In emergency contraception a drug or IUD is used to prevent pregnancy shortly after unprotected intercourse. Except for some Western-European countries and China, emergency contraception is largely under-utilised worldwide. In many developing countries lack of access to emergency contraception may subject women to unsafe abortions, which contribute significantly to maternal mortality and morbidity. Currently, several interventions (IUD, the Yuzpe regimen, levonorgestrel, mifepristone, danazol and some combination regimens) are available for emergency contraception. Information on the comparative efficacy, safety and convenience of these methods is crucial for reproductive health care providers and the women they serve.
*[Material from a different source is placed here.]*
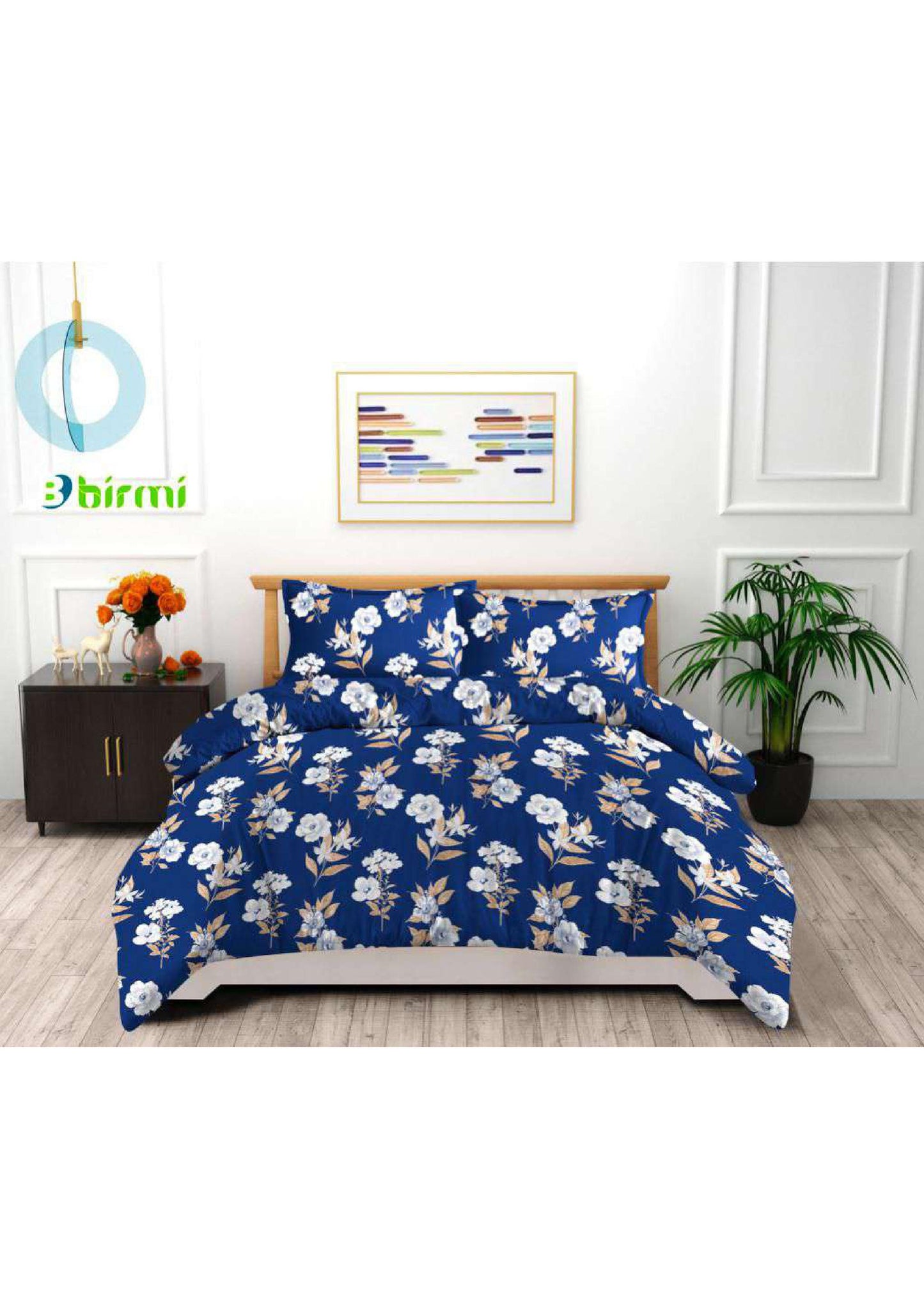 BS50: Magnite Double Bed Sheets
To determine which emergency contraceptive method following unprotected intercourse is the most effective, safe and convenient to prevent pregnancy.
The search included the Cochrane Controlled Trials Register, Popline, MEDLINE, Chinese biomedical databases and UNDP/UNFPA/WHO/World Bank Special Programme on Human Reproduction (HRP) emergency contraception database (July 2003). Content experts and pharmaceutical companies were contacted.
Randomised controlled trials and controlled clinical trials including women attending services for emergency contraception following a single act of unprotected intercourse were eligible.
Data collection and analysis
Data on outcomes and trial characteristics were extracted in duplicate and independently by two reviewers. Quality assessment was also done by two reviewers independently. Meta-analysis results are expressed as relative risk (RR) using a fixed-effects model with 95% confidence interval (CI). In the presence of significant heterogeneity a random-effect model was applied.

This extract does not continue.